The report highlights four ways in which we can help gram and gramps rock the city life: build transportation systems and infrastructure that they can use, offer housing designed to let them “age in place,” make sure they have access to community health centers, and create opportunities for them to keep working, learning, and being active, if they so choose.
So basically: Don’t make old people live out their days in sad, quiet solitude. Really, it’s the least you could do — you know, right after calling your grandmother. Would it really kill you pick up the phone every once in a while?
New York and Sausalito, Calif., are already on the right track, according to the report. New York, for example, redesigned some of its intersections to better accommodate elderly pedestrians — again, because making sure that old people don’t get hit by cars is the least we could do.
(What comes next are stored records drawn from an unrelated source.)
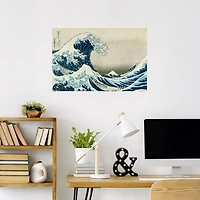 The Great Wave Of Kanagawa Wall Poster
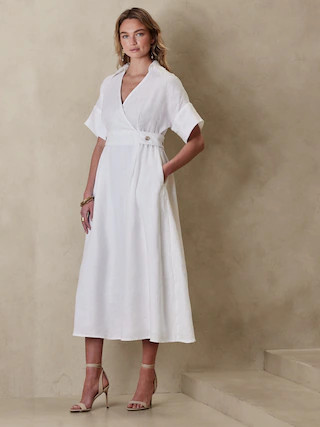 Sedona Linen Dress | Banana Republic (US)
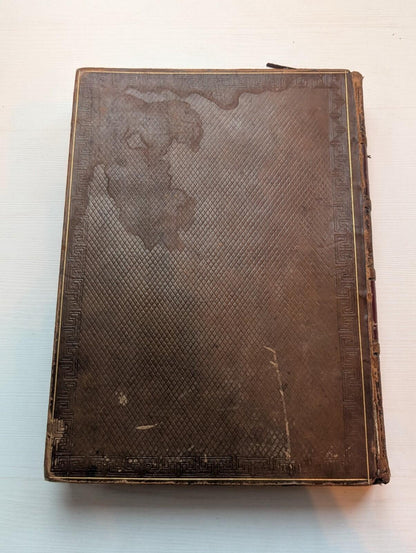 Dictionnaire Francois-Italien - Francois Alberti - 1810 - Tome Premier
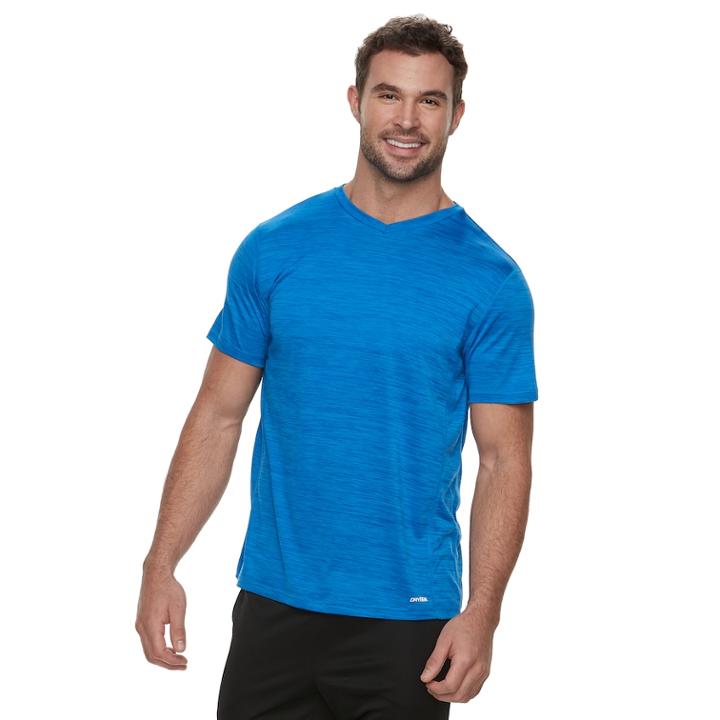 Men's Tek Gear&reg; Core Training Performance Tee, Size: Medium, Blue (navy)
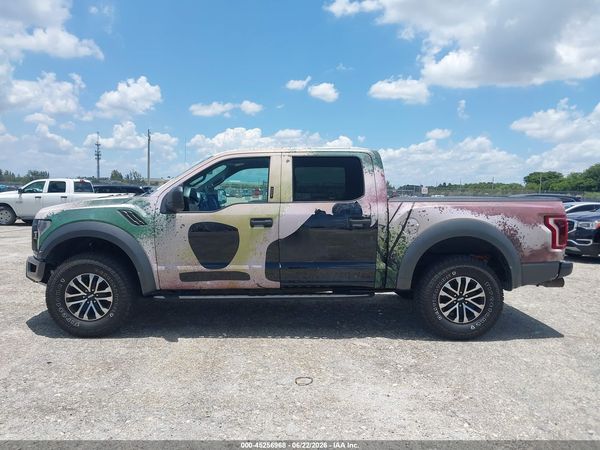 2019 FORD F-150 RAPTOR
Sausalito, meanwhile, upped its elderly game with a free car service for people 60 and older called Call a Ride Sausalito Seniors.
In general, though, most of the movement toward age-friendly cities is happening overseas:
That’s largely because there is greater awareness about an aging population in Europe and Asia. According to a survey commissioned by MHFI examining the attitudes and concerns of people around the issues of urbanization and aging, 94 percent of the population in China and 89 percent of the population in Brazil are aware of the pending demographic shift. In comparison, only 49 percent of Americans are aware of the issue.
Newcastle, England; Canberra, Australia; Basque Country, Spain; and La Plata, Argentina, are among the cities highlighted in the report for being ahead of the pack. And the Italian city of Bolzano seems to be really on top of things with its “Living Safe” program — a collaboration with IBM. The initiative, which the Washington Post calls “Big Data for seniors” relies on sensor data to figure out ways to make the city more senior-friendly. The video below has more details.
So it looks like we have some catching up to do here in the states. Fortunately, unlike climate change — which, if you’re an affluent resident of a developed country, you can pretty much ignore with a big “F you” to future generations — aging is something that we all face. So even if you don’t respect your elders, think of yourself. And then, think of yourself trying to get to the supermarket when you’re too old to drive. Sucks, doesn’t it?